C
omment se comporte le secteur de la métallurgie en Loire-Atlantique en 2013 alors que l'industrie au sens large est toujours dans une passe difficile ?
Le bilan 2013 est contrasté. Certains acteurs vont bien. Pour d'autres c'est beaucoup plus compliqué. En revanche, tous ont la même problématique : celle de la compétitivité. Il suffit de constater que le coût horaire du travail a augmenté en France de 45 % à euro constant, contre 24 % en Allemagne. Le résultat, ce sont des marges qui se réduisent pour les entreprises et donc des difficultés à investir.
Si l'on prend secteur par secteur, c'est toujours l'aéronautique qui tire le mieux son épingle du jeu ?
L'aéronautique se porte bien mais ce n'est pas facile pour autant. Dans le sillage des grands donneurs d'ordre, les entreprises co-traitantes doivent suivre en termes de cadences, de compétences humaines et de qualité. Ces entreprises ont des perspectives, donc elles investissent mais il ne faut pas croire non plus que pour elles tout est simple.

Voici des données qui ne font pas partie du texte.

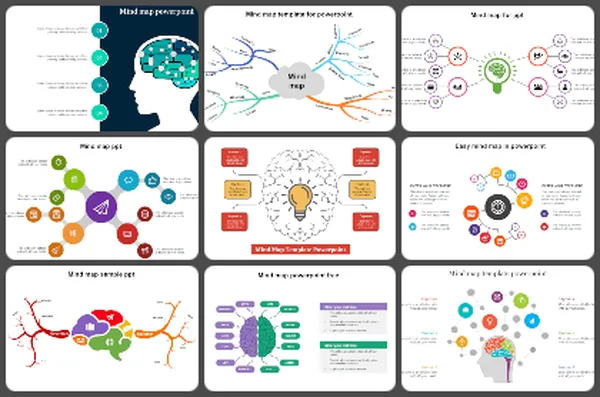 Mind Map Powerpoint Templates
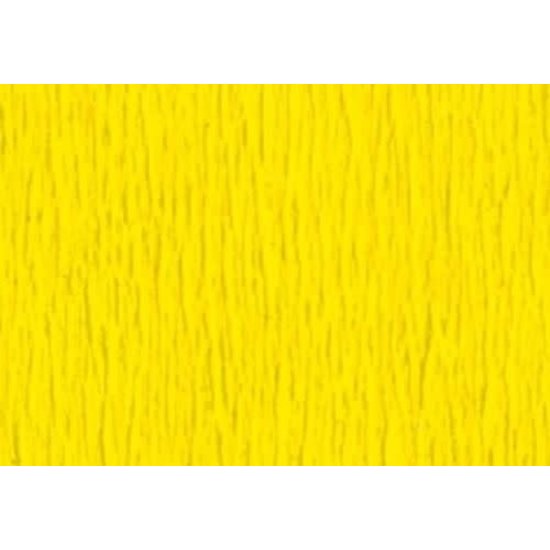 Folia Folia Crepe Papier Geel 50x250cm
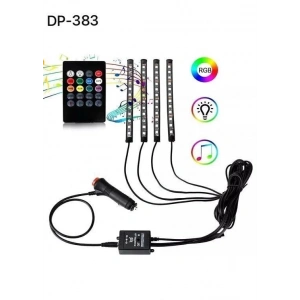 Araç İçi Ayak Altı Ses Duyarlı Şerit Led 4lü Set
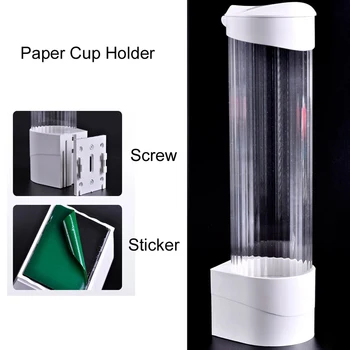1 buc Nou Automată din Plastic de Unică folosință, Pahare de Hârtie Dispenser de Cana de Apa de Stocare Titularul Cupa Capsare Dispozitiv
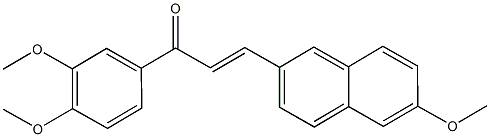 1-(3,4-dimethoxyphenyl)-3-(6-methoxy-2-naphthyl)-2-propen-1-one Struktur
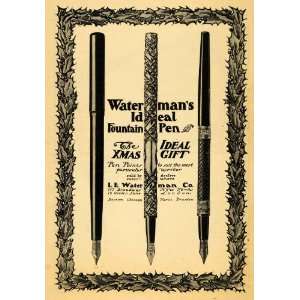  1901 Ad Christmas Gift Watermans Ideal Fountain Pen Ink 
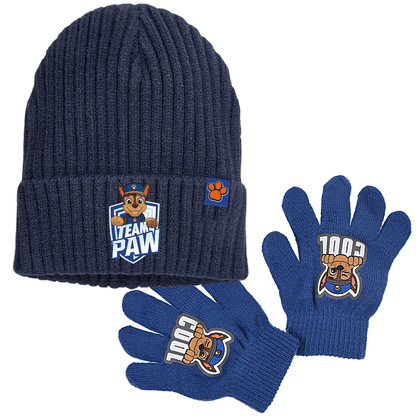Paw Patrol Set Beanie Mütze & Handschuhe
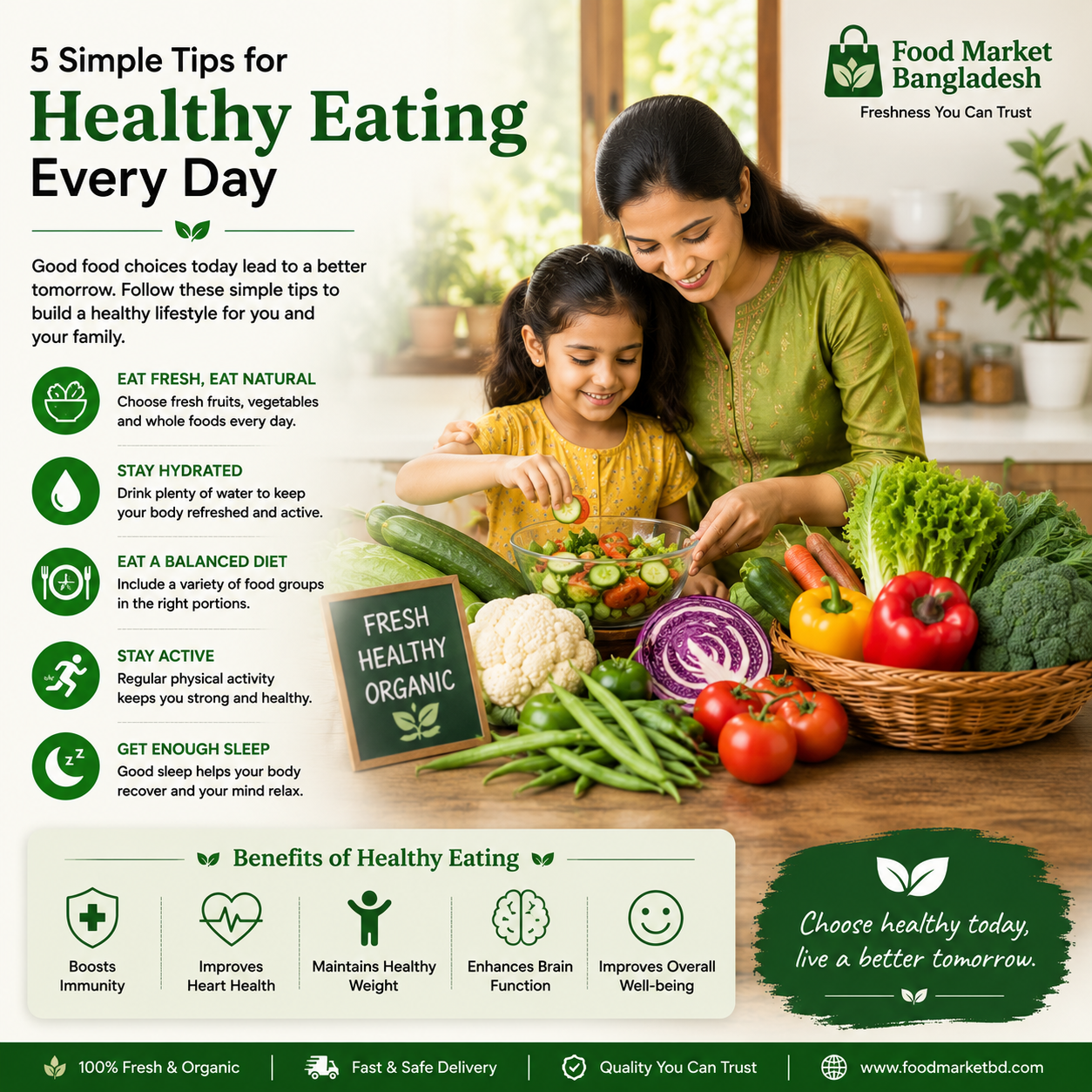5 Simple Ways to Eat Healthier Every Day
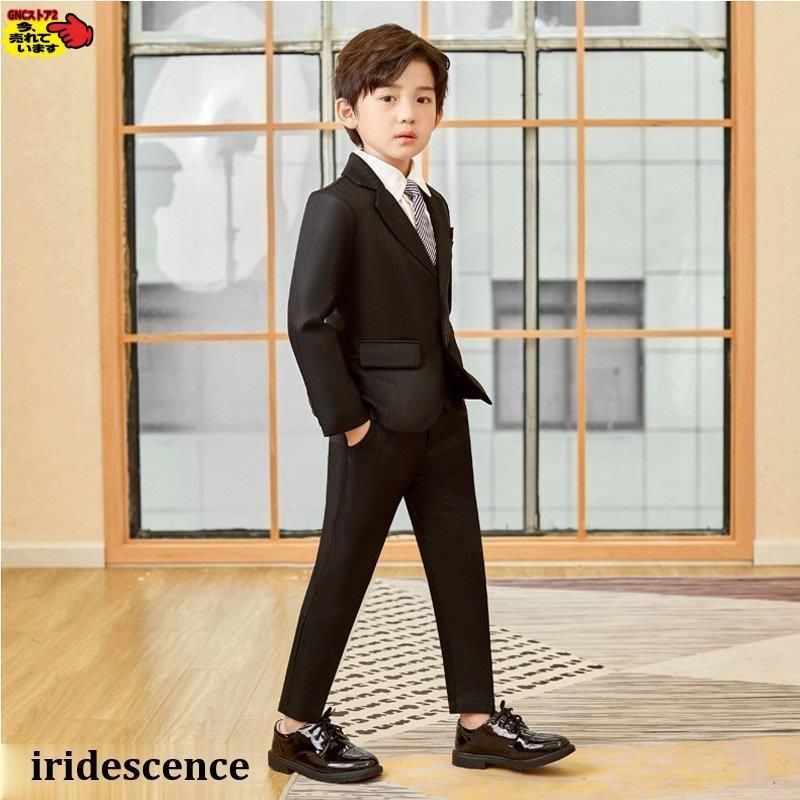 子供服フォーマルスーツおしゃれ入学式卒業式男の子タキシードキッズ結婚式発表会卒園式七五三誕生日子どもジュニア110120130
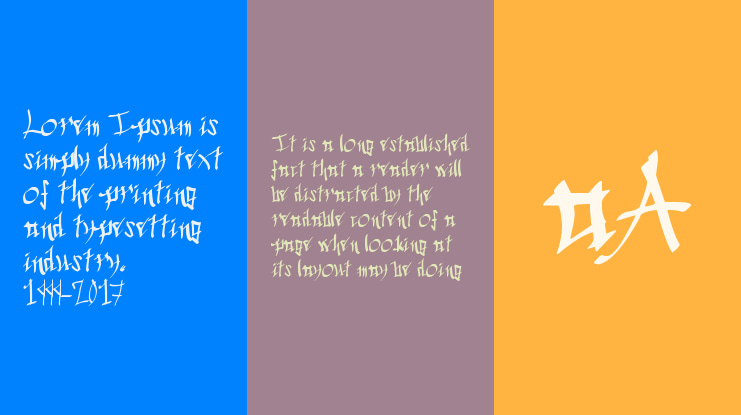 Chinese Calligraphy Font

En revanche, ce qui est très intéressant, c'est que certaines de ses entreprises de l'aéronautique se développent désormais à l'international et s'y implantent pour travailler avec Embraer, Bombardier, etc.
Tous les secteurs ne sont pas logés à la même enseigne que l'aéronautique...
Oui, l'automobile est toujours dans une crise commencée en 2008 avec certaines entreprises lessivées au niveau de leur trésorerie. Pour les entreprises qui travaillent pour la Défense, il faut être attentif aux arbitrages de l'État dans ce domaine. Celui-ci semble vouloir maintenir les investissements plutôt que le fonctionnement. MAis la pression demeure sur les équipementiers car certains programmes, comme le Barracuda, risquent d'être plus étalé dans le temps que ce qui était prévu initialement. Pour ceux qui travaillent pour le secteur du bâtiment, on voit que les choses ralentissent. La réalisation de l'aéroport de Notre-Dame-des-Landes serait d'ailleurs dans ce domaine un vecteur de croissance. Dans la navale, après l'Oasis, STX veut prendre une commande par an. Les chantiers ont semble-t-il plusieurs fers au feu pour cela. Maintenant, le problème pour eux est également la compétitivité puisque ces concurrents allemands, finlandais et italiens bénéficient de coûts de production inférieurs et que l'on peut même parler de distorsion de concurrence avec du dumping social. À l'échelle européenne, il faudra bien un jour harmoniser les règles du jeu.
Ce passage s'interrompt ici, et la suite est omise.